# Striper and blues



## Todd (May 16, 2010)

Still at the war college in Rhode Island learning stuff. Found the spot. 30+ striper 20-24" and one around 30" in a couple hours the last two evenings and bunches-o-blues


----------



## Chris V (Oct 18, 2007)

Thats a big azzz bluefish.

Cool, different report


----------



## Todd (May 16, 2010)

Watched folks down the pier from me pull up a 33" blue last night at a different spot.


----------



## capt'n slim (Feb 8, 2008)

Blues get big up north.


----------



## DaTzr (Mar 13, 2011)

Wow, talk about northern memories!

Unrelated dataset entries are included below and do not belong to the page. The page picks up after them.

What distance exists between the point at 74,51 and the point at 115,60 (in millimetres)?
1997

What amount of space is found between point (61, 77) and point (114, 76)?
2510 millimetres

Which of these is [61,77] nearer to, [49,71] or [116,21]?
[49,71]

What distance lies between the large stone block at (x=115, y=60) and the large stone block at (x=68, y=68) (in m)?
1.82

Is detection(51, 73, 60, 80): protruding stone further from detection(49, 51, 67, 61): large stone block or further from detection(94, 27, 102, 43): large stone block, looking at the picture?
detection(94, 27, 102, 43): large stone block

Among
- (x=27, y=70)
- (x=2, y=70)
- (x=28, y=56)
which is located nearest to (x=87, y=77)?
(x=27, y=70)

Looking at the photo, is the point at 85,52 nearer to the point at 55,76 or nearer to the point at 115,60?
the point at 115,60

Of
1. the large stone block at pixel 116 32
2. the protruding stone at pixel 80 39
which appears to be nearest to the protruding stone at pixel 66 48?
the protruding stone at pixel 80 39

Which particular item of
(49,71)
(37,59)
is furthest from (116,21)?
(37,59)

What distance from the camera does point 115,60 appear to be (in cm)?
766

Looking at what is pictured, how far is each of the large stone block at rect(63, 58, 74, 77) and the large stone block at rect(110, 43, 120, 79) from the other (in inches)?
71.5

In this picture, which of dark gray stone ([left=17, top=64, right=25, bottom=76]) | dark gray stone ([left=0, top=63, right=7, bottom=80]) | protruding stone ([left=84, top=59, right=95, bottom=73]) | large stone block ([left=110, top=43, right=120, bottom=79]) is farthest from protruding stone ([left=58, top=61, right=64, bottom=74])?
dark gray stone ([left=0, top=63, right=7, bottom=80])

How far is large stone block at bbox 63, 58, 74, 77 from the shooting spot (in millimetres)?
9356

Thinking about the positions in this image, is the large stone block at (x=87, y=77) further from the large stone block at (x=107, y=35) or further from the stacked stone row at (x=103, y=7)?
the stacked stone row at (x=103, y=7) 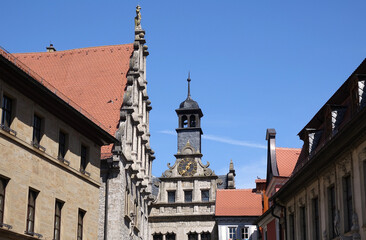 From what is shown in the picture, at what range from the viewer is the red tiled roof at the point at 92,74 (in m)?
39.3

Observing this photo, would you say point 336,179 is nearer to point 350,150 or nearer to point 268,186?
point 350,150

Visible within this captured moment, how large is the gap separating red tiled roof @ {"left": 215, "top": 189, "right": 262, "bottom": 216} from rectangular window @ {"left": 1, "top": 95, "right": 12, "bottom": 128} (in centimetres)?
3431

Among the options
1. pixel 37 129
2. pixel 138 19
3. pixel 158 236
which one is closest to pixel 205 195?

So Todd, ur up there where they do the OCS training? If so, my Dad used to be engineer for the OCS training vessels there. I was about 13yo then am 54 now. First lived in Newport close to 'Thompson Middle/Jr' school, would fish off the boats and docks while my Dad pulled duty. Later we moved to Middletowen and I found out about the back gate and shorelines nearby. It was on then! I remember Blues averaging 15-20+ lbs and the same with Stripers. Ever caught lobster on a rod? If still there I got a place for ya! 
Cheers,


----------



## Todd (May 16, 2010)

I am here for another 3 1/2 weeks. Would love to know any good spots to try.


----------